In December, RGISC sued the EPA along with Earthjustice and four other plaintiffs citing two decades of lax oversight of these plants.

“Today, residents of Laredo are a step closer to breathing cleaner air,” said Laredo City Council member Vanessa Perez, who co-founded the Clean Air Laredo Coalition, which has actively lobbied the EPA for stricter air quality monitoring and regulations of EtO.
Cortez says they want the EPA to put even stricter measures in place to “close the loopholes.” Namely, they want the agency to require fenceline monitoring of air quality by the industry, and they want tougher policies requiring a reduction in emissions of EtO from off-sight warehouses.
“These proposed rules are the first step to addressing elevated and unnecessary cancer risks that Laredo and other impacted communities face from facilities like Midwest Sterilization,” said Sheila Serna, RGISC climate science and policy director for the Laredo-based nonprofit.

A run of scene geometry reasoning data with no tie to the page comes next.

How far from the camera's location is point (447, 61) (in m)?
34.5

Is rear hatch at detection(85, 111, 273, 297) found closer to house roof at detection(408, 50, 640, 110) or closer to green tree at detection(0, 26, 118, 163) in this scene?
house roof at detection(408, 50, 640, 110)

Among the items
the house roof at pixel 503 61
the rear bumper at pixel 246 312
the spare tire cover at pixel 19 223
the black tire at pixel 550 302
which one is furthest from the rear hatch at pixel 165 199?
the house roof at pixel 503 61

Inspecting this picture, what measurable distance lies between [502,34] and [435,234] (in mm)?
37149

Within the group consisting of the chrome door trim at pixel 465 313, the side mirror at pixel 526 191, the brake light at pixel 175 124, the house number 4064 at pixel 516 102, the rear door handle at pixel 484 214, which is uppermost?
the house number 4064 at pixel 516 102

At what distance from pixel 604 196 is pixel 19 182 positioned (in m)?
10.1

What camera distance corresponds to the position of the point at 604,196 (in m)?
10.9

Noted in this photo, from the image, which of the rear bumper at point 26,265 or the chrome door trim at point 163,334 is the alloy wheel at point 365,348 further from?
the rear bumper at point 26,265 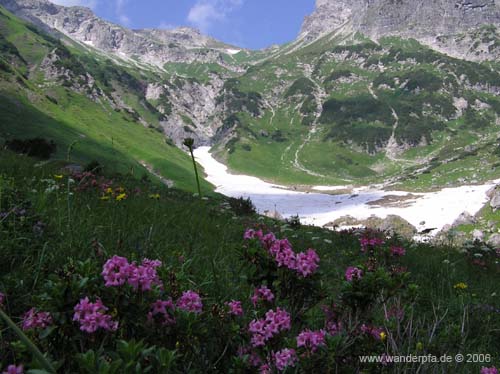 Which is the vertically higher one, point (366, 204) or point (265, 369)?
point (265, 369)

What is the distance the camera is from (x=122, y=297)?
5.02 feet

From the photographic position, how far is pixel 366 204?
8750 cm

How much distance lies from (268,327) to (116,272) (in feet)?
2.41

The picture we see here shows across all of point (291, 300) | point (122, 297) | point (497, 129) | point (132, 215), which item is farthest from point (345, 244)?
point (497, 129)

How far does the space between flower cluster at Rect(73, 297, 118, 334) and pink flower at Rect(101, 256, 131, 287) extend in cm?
13

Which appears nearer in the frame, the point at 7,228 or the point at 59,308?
the point at 59,308

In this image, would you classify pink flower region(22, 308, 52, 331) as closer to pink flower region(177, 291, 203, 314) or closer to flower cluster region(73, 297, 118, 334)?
flower cluster region(73, 297, 118, 334)

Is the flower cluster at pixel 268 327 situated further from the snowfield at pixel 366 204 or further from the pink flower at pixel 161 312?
the snowfield at pixel 366 204

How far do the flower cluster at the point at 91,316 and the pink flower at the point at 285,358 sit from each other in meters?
0.72

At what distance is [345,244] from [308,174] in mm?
164273

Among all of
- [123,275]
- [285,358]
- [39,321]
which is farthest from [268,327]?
[39,321]

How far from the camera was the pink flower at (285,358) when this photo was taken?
1584 millimetres

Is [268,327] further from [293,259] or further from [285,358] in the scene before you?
[293,259]

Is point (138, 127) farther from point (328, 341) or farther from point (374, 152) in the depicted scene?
point (328, 341) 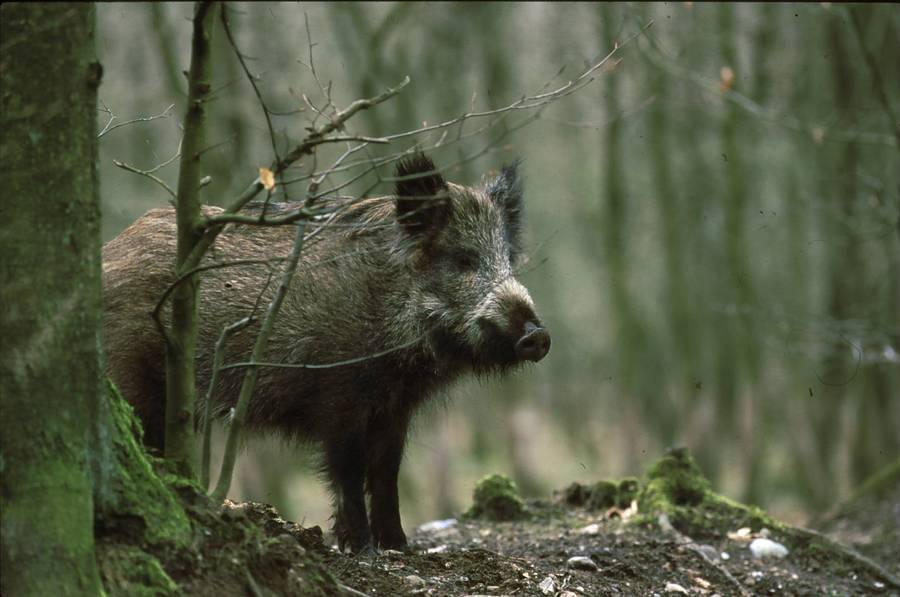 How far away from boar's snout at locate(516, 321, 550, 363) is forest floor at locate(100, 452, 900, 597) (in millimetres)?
1129

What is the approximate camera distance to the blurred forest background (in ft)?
48.0

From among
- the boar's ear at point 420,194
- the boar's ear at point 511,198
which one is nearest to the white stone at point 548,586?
the boar's ear at point 420,194

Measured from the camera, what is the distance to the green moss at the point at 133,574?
3.58 m

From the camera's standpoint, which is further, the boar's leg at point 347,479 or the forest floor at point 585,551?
the boar's leg at point 347,479

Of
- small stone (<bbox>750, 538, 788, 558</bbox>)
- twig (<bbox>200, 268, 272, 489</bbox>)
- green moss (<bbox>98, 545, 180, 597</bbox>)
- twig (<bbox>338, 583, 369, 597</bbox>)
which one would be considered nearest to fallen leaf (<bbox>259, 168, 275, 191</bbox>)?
twig (<bbox>200, 268, 272, 489</bbox>)

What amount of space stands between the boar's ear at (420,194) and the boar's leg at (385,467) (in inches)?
47.0

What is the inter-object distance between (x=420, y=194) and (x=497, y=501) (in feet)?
8.62

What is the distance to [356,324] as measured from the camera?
6.71 metres

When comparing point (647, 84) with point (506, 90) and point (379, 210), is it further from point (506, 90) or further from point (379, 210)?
point (379, 210)

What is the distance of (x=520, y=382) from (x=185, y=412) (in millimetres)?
15799

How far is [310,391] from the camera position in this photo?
21.4 feet

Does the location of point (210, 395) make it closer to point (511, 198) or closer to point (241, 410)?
point (241, 410)

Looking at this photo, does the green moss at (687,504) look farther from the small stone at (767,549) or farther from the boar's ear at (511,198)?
the boar's ear at (511,198)

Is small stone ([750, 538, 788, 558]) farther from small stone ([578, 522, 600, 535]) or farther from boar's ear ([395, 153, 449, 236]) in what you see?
boar's ear ([395, 153, 449, 236]) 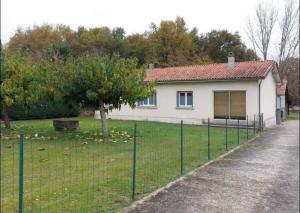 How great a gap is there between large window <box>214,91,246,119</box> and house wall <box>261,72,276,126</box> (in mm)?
1302

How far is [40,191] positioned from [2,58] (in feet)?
42.3

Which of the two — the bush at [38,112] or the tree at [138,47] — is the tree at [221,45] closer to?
the tree at [138,47]

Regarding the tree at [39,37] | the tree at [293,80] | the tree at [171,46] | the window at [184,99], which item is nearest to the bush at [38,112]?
the window at [184,99]

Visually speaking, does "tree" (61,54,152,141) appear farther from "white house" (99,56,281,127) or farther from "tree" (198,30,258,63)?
"tree" (198,30,258,63)

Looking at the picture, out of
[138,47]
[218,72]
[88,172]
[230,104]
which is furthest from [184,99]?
[138,47]

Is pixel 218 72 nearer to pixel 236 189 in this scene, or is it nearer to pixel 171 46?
pixel 236 189

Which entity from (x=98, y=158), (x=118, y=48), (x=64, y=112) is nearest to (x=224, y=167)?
(x=98, y=158)

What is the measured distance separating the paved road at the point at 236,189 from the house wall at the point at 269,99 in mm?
14818

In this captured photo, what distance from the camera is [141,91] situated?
17.0 meters

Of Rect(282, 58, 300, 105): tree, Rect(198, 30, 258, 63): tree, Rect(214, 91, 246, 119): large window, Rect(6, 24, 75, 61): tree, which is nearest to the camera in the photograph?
Rect(214, 91, 246, 119): large window

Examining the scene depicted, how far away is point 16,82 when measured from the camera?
A: 18.8 m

Independent air monitoring project
Serna currently is overseeing an independent fenceline air monitoring project that RGISC and the Clean Air Laredo Coalition are starting this summer near the Midwest plant. Cortez says they have secured $200,000 in support from the City of Laredo, Webb County, and United Independent School District to launch the project, which requires very specialized air quality sensors to detect EtO emissions.
“We feel it’s important to see actual data of EtO being released into the air so close to businesses, neighborhoods and schools,” Cortez said.
But she said they don’t feel they should shoulder this burden, and they believe federal officials should step in.
“This will be the moment for people in our community who care deeply about protecting our children and families to demand that the EPA include fenceline air monitoring and warehouse emissions into the final rule,” Serna said. “That is absolutely necessary to safeguard our health and safety.”
U.S. Rep. Henry Cuellar, a Democrat whose hometown is Laredo, said he has been working with EPA officials on this issue.
“I also appreciate local advocates and community leaders for their important work on this matter. I look forward to finding a balanced measure that reduces Laredo’s cancer risk while safeguarding access to critical sterilized medical equipment,” Cuellar said in a statement.
Commercial sterilizers use EtO to sterilize devices that can’t be sterilized using steam or radiation, such as medical and dental equipment. According to the Food and Drug Administration, approximately 50% of sterile medical devices in the United States are sterilized with EtO – that’s about 20 billion devices each year. EtO is also used to fumigate some food products such as spices, EPA says.
The EPA is holding a national webinar on May 1 on EtO, which is expected to be followed by a 60-day public comment period. If so, the final rule should go into effect by the end of the year.
Pollution controls would be required to be in place within 18 months of the agency issuing a final rule. And all sterilizer plants must produce compliance reports within 60 days of the final rule.